Start of MATERIAL SHOWN

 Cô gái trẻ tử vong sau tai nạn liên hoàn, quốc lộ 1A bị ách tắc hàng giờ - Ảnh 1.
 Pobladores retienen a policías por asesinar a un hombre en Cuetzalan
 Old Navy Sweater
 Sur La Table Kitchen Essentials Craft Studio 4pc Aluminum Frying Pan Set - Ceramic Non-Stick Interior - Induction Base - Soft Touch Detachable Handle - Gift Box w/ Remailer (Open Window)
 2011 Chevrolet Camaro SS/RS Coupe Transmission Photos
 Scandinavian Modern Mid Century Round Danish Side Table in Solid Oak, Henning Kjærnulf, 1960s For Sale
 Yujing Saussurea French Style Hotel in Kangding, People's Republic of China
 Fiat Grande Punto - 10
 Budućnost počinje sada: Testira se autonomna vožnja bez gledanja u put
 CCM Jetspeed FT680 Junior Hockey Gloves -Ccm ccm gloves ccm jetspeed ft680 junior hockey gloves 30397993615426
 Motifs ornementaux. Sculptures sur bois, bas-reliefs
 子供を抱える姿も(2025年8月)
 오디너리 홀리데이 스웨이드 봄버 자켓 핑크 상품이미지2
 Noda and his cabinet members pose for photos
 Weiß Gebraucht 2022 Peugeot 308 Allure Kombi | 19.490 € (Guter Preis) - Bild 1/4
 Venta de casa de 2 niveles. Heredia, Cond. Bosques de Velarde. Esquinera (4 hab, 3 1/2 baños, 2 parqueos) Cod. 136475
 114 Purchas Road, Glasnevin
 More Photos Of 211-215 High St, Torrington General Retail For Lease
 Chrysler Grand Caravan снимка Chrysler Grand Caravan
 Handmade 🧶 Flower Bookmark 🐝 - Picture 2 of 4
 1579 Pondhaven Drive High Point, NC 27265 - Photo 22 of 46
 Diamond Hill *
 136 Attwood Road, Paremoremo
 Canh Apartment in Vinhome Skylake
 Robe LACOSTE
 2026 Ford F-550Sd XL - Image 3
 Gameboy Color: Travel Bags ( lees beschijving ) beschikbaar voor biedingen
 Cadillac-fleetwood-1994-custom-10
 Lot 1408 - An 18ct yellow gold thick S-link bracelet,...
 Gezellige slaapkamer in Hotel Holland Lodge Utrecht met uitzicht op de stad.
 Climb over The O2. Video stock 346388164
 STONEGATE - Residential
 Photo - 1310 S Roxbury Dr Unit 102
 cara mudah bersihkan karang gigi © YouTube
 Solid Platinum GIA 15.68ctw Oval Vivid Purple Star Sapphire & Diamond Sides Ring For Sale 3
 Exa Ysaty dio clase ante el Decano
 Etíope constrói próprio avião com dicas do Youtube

End of MATERIAL SHOWN

### WORK TO BE COMPLETED
Quote exactly the lines running from the start of the listing above through the line where "Exa Ysaty dio clase ante el Decano" is found, and output no other lines.

### TASK OUTPUT
 Cô gái trẻ tử vong sau tai nạn liên hoàn, quốc lộ 1A bị ách tắc hàng giờ - Ảnh 1.
 Pobladores retienen a policías por asesinar a un hombre en Cuetzalan
 Old Navy Sweater
 Sur La Table Kitchen Essentials Craft Studio 4pc Aluminum Frying Pan Set - Ceramic Non-Stick Interior - Induction Base - Soft Touch Detachable Handle - Gift Box w/ Remailer (Open Window)
 2011 Chevrolet Camaro SS/RS Coupe Transmission Photos
 Scandinavian Modern Mid Century Round Danish Side Table in Solid Oak, Henning Kjærnulf, 1960s For Sale
 Yujing Saussurea French Style Hotel in Kangding, People's Republic of China
 Fiat Grande Punto - 10
 Budućnost počinje sada: Testira se autonomna vožnja bez gledanja u put
 CCM Jetspeed FT680 Junior Hockey Gloves -Ccm ccm gloves ccm jetspeed ft680 junior hockey gloves 30397993615426
 Motifs ornementaux. Sculptures sur bois, bas-reliefs
 子供を抱える姿も(2025年8月)
 오디너리 홀리데이 스웨이드 봄버 자켓 핑크 상품이미지2
 Noda and his cabinet members pose for photos
 Weiß Gebraucht 2022 Peugeot 308 Allure Kombi | 19.490 € (Guter Preis) - Bild 1/4
 Venta de casa de 2 niveles. Heredia, Cond. Bosques de Velarde. Esquinera (4 hab, 3 1/2 baños, 2 parqueos) Cod. 136475
 114 Purchas Road, Glasnevin
 More Photos Of 211-215 High St, Torrington General Retail For Lease
 Chrysler Grand Caravan снимка Chrysler Grand Caravan
 Handmade 🧶 Flower Bookmark 🐝 - Picture 2 of 4
 1579 Pondhaven Drive High Point, NC 27265 - Photo 22 of 46
 Diamond Hill *
 136 Attwood Road, Paremoremo
 Canh Apartment in Vinhome Skylake
 Robe LACOSTE
 2026 Ford F-550Sd XL - Image 3
 Gameboy Color: Travel Bags ( lees beschijving ) beschikbaar voor biedingen
 Cadillac-fleetwood-1994-custom-10
 Lot 1408 - An 18ct yellow gold thick S-link bracelet,...
 Gezellige slaapkamer in Hotel Holland Lodge Utrecht met uitzicht op de stad.
 Climb over The O2. Video stock 346388164
 STONEGATE - Residential
 Photo - 1310 S Roxbury Dr Unit 102
 cara mudah bersihkan karang gigi © YouTube
 Solid Platinum GIA 15.68ctw Oval Vivid Purple Star Sapphire & Diamond Sides Ring For Sale 3
 Exa Ysaty dio clase ante el Decano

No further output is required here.